Oltre a non esservi motivazione sufficiente sull’esito della consulenza tecnica prodotta dalla difesa, non sono stati valorizzati altri elementi in base ai quali
potrebbe ritenere sussistente la predetta corrispondenza, visto che le altre intercettazioni cui si fa riferimento nell’ordinanza impugnata non vengono messe in relazione diretta con quella oggetto di indagine; neppure è stato precisato in che modo gli agenti di p.g. abbiano riconosciuto proprio nella voce di COGNOME quella oggetto della intercettazione; a ciò si deve aggiungere che la motivazione dell’ordinanza impugnata non espone in maniera chiara gli indizi a carico dell’indagato, non essendo richiamata, nemmeno per relationem, la precedente ordinanza annullata dalla Sesta sezione di questa Corte.

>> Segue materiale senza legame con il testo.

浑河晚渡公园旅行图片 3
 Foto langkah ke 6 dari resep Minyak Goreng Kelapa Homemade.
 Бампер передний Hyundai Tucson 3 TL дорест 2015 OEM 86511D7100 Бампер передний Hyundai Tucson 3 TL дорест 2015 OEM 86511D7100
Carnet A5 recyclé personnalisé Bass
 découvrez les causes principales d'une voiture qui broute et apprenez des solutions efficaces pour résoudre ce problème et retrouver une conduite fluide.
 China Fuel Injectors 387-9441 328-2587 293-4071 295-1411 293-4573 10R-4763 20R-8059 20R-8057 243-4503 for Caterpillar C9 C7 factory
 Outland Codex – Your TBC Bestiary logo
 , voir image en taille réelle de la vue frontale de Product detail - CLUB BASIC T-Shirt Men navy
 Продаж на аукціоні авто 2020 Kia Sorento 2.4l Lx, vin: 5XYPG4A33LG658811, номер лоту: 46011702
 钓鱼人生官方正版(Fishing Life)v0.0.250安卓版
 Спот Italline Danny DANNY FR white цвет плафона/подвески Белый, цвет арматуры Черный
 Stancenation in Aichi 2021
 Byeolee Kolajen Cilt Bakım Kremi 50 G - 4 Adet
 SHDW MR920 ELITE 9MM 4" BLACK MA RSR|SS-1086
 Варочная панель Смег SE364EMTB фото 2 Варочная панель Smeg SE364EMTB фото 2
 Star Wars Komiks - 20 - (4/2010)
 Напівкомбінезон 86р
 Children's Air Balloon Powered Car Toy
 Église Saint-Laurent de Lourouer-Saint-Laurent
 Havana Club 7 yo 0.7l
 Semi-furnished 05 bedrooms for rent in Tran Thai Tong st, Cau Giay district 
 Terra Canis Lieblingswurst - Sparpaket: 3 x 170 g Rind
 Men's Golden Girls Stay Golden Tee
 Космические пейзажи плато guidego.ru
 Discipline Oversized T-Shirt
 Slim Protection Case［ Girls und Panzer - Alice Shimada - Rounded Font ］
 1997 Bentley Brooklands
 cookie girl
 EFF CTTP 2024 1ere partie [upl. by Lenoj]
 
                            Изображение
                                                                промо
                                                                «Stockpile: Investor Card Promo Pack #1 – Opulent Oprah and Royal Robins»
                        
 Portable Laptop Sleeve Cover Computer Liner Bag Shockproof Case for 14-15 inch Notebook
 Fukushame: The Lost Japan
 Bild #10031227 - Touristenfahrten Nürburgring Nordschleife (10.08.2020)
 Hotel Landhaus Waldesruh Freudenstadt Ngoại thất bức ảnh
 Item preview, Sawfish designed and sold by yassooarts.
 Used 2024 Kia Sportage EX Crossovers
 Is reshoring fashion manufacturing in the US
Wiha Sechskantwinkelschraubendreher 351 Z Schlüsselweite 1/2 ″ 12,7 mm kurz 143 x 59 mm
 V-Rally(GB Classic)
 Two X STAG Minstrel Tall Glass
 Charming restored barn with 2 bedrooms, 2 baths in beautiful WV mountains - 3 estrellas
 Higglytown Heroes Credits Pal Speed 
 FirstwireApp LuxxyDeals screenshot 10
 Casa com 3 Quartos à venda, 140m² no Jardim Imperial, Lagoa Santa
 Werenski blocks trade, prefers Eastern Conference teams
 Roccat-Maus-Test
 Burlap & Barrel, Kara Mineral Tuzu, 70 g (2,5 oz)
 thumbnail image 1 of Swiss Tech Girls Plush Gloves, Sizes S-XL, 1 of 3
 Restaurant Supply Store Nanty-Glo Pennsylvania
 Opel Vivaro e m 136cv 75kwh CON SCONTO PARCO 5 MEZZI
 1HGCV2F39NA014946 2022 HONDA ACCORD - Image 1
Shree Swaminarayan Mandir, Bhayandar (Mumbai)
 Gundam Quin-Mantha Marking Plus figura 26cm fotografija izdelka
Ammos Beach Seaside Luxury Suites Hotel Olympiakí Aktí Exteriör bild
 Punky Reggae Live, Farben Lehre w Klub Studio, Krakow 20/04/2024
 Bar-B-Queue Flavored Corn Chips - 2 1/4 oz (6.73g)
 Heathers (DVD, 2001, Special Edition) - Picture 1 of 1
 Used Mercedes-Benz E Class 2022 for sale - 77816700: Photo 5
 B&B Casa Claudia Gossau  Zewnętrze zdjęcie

L’ordinanza impugnata deve essere pertanto annullata, con rinvio al Tribunale di Catanzaro per nuovo giudizio su quanto sopra evidenziato; alla luce del disposto annullamento, i rimanenti motivi di ricorso devono ritenersi assorbiti
Poiché dalla presente decisione non consegue la rimessione in libertà del ricorrente, deve disporsi – ai sensi dell’articolo 94, comma 1-ter, delle disposizioni di attuazione del codice di procedura penale – che copia della stessa sia trasmessa al direttore dell’istituto penitenziario in cui l’indagato trovasi ristretto pe provveda a quanto stabilito dal comma 1-bis del citato articolo.
P.Q.M.
Annulla l’ordinanza impugnata e rinvia per nuovo giudizio al Tribunale di Catanzaro, competente ai sensi dell’art. 309, comma 7, cod. proc. pen. Manda alla Cancelleria per gli adempimenti di cui all’art. 94, comma 1-ter disp. att. cod. proc. pen.